I am trying to use boost spirit to create a parser for a simple language. The first statement I am trying to parse is a simple numeric addition: "3.14 + 1". It segfaults, and my research indicates it is because of a left-recursive implementation, but I can't wrap my head around the solution for this that isn't left-recursive. Here is my parser implementation:
template<typename Iterator>
struct simple_grammar : qi::grammar<Iterator, AstNodePtr(), ascii::space_type> {
simple_grammar() : simple_grammar::base_type(start) {
using qi::double_;
using qi::_1;
using qi::_2;
using qi::_3;
auto addhelper = '+' >> expression;
auto add = expression >> addhelper;
expression = add[qi::_val = make_shared_<AddNode>()(_1, _2)]

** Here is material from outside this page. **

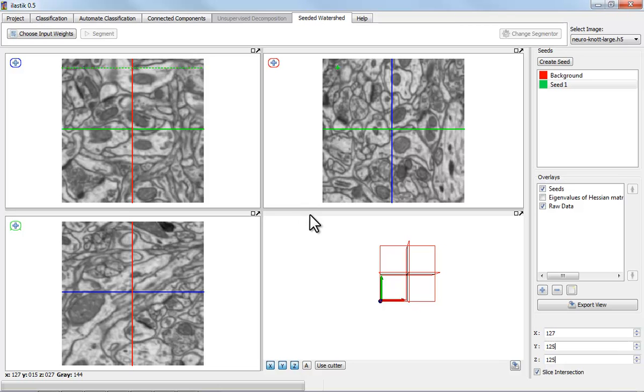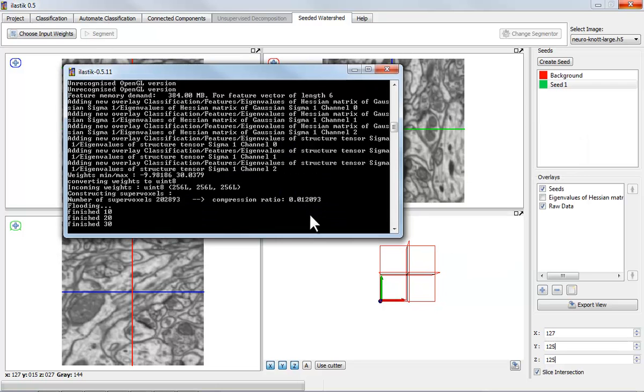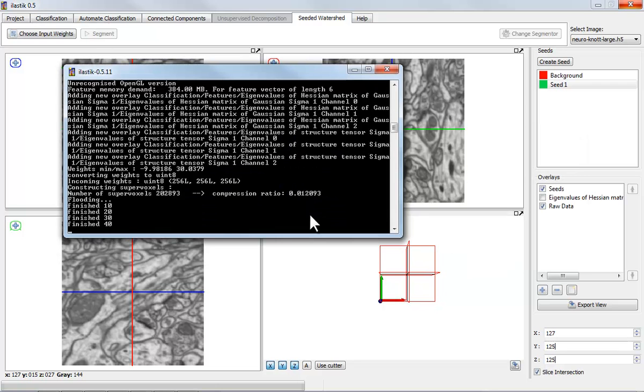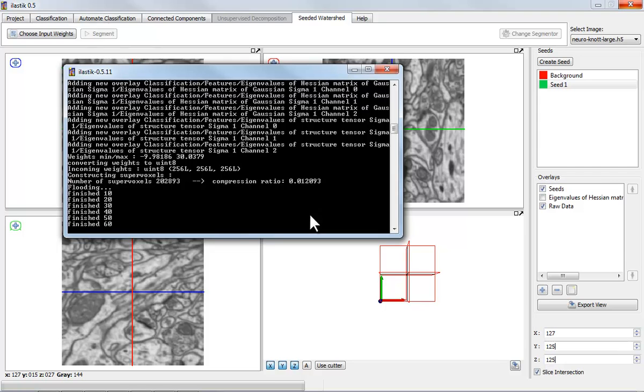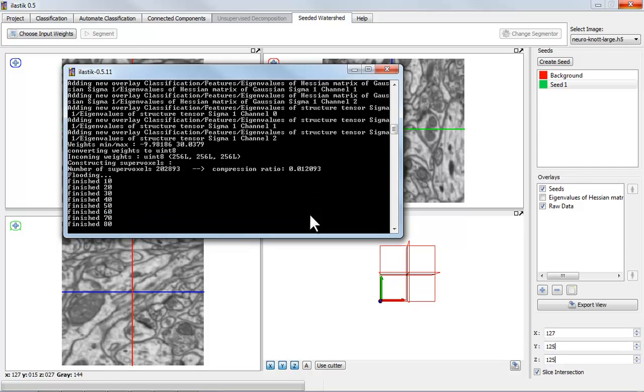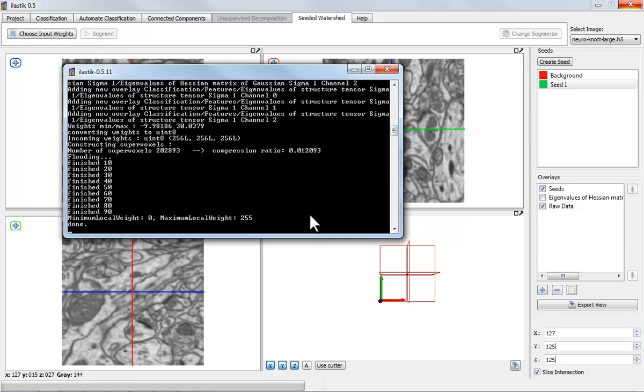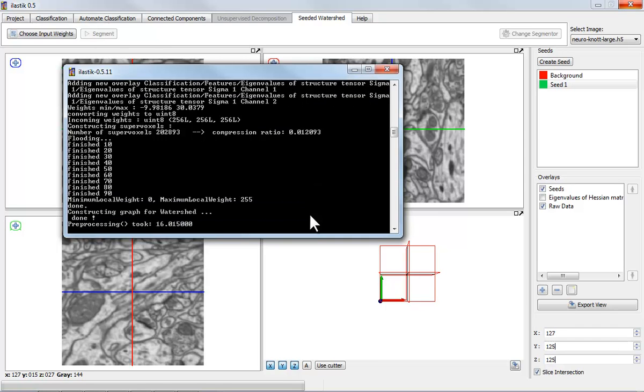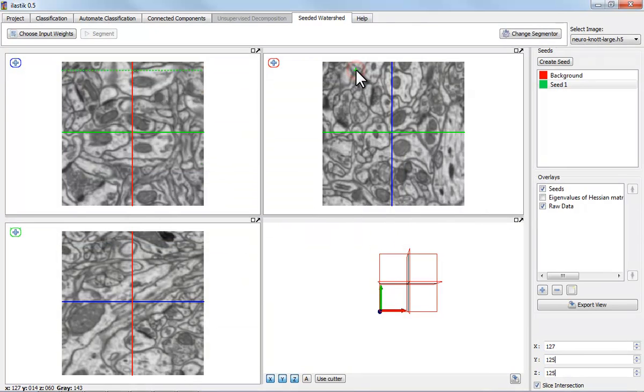The program now goes away and constructs a graph of supervoxels. This is an operation that needs to be done just once. And the advantage is that if we've done this once, we can achieve interactive response times later on to each of the seeds that we give, even when working on ten million voxels on a normal notebook.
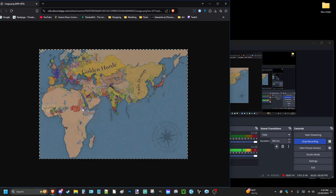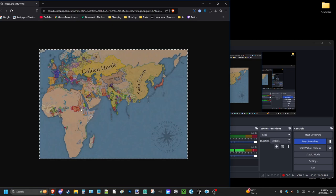Now, this obviously is more than likely the sequel to Europa Universalis 4, a game that was released actually about 11 years ago. And it's been quite some time since we expected a sequel, and it seems like it's right around the corner.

| double_[qi::_val = make_shared_<DoubleNode>()(_1)];
start = expression;
}
qi::rule<Iterator, AstNodePtr(), ascii::space_type> start;
qi::rule<Iterator, AstNodePtr(), ascii::space_type> expression;
};
AstNodePtr is a typedef for a std::shared_ptr to an AstNodeBase class, from which DoubleNode and AddNode inherit. I didn't include those definitions just to keep the post short, but can if requested. It is pretty self-explanatory I think, the idea is to compose an AST. The make_shared_ implementation comes from here.
Thanks in advance!
There are a number of things about your example.
First off, you use auto
with Spirit Qi expressions. That's not valid, and leads to UB:
Next off, you chose to use polymorphic Ast nodes. That's possible but likely not efficient:
Finally, there's the left recursion, since your expression starts with itself, leading to infinite recursion. The only way to solve it is to split your productions up into "levels" of expressions. This also aids in generating the desired operator precedence:
expression = term >> char_("-+") >> term;
term = factor >> char_("*/%") >> factor;
factor = simple >> char_("^") >> simple;
In your case, I'd suggest:
simple
= qi::double_
[_val = make_shared_<DoubleNode>()(_1)];
;
expression
= (simple >> '+' >> expression)
[_val = make_shared_<AddNode>()(_1, _2)]
| simple
;
Of course, you can be simpler and slightly less inefficient here:
expression
= simple [_val = _1]
>> *(('+' >> expression)
[_val = make_shared_<AddNode>()(_val, _0)])
;
#include <boost/spirit/include/qi.hpp>
#include <boost/spirit/include/phoenix.hpp>
namespace { // https://stackoverflow.com/a/21565350/85371
template <typename T>
struct make_shared_f
{
template <typename... A> struct result
{ typedef std::shared_ptr<T> type; };
template <typename... A>
typename result<A...>::type operator()(A&&... a) const {
return std::make_shared<T>(std::forward<A>(a)...);
}
};
}
template <typename T>
using make_shared_ = boost::phoenix::function<make_shared_f<T> >;
struct AstNode {
virtual ~AstNode() = default;
};
using AstNodePtr = std::shared_ptr<AstNode>;
struct DoubleNode : AstNode {
DoubleNode(double) {}
};
struct AddNode : AstNode {
AddNode(AstNodePtr, AstNodePtr) {}
};
#include <iomanip>
namespace qi = boost::spirit::qi;
template<typename Iterator>
struct simple_grammar : qi::grammar<Iterator, AstNodePtr()> {
simple_grammar() : simple_grammar::base_type(start) {
using namespace qi::labels;
simple
= qi::double_
[_val = make_shared_<DoubleNode>()(_1)];
;
expression
= simple [_val = _1]
>> *(('+' >> expression)
[_val = make_shared_<AddNode>()(_val, _1)])
;
start = qi::skip(qi::space) [ expression ];
BOOST_SPIRIT_DEBUG_NODES((start)(expression)(simple))
}
private:
qi::rule<Iterator, AstNodePtr()> start;
qi::rule<Iterator, AstNodePtr(), qi::space_type> expression;
// implicit lexemes
qi::rule<Iterator, AstNodePtr()> simple;
};
int main() {
simple_grammar<std::string::const_iterator> g;
for (std::string const input : {
"1 + 2",
"3.14"
})
{
auto f = begin(input), l = end(input);
AstNodePtr ast;
if (qi::parse(f, l, g, ast)) {
std::cout << "Succeeded: " << boost::core::demangle(typeid(*ast).name()) << "\n";
} else {
std::cout << "Failed\n";
}
if (f!=l)
std::cout << "Remaining unparsed " << std::quoted(std::string(f,l)) << "\n";
}
}
Prints
Succeeded: AddNode
Succeeded: DoubleNode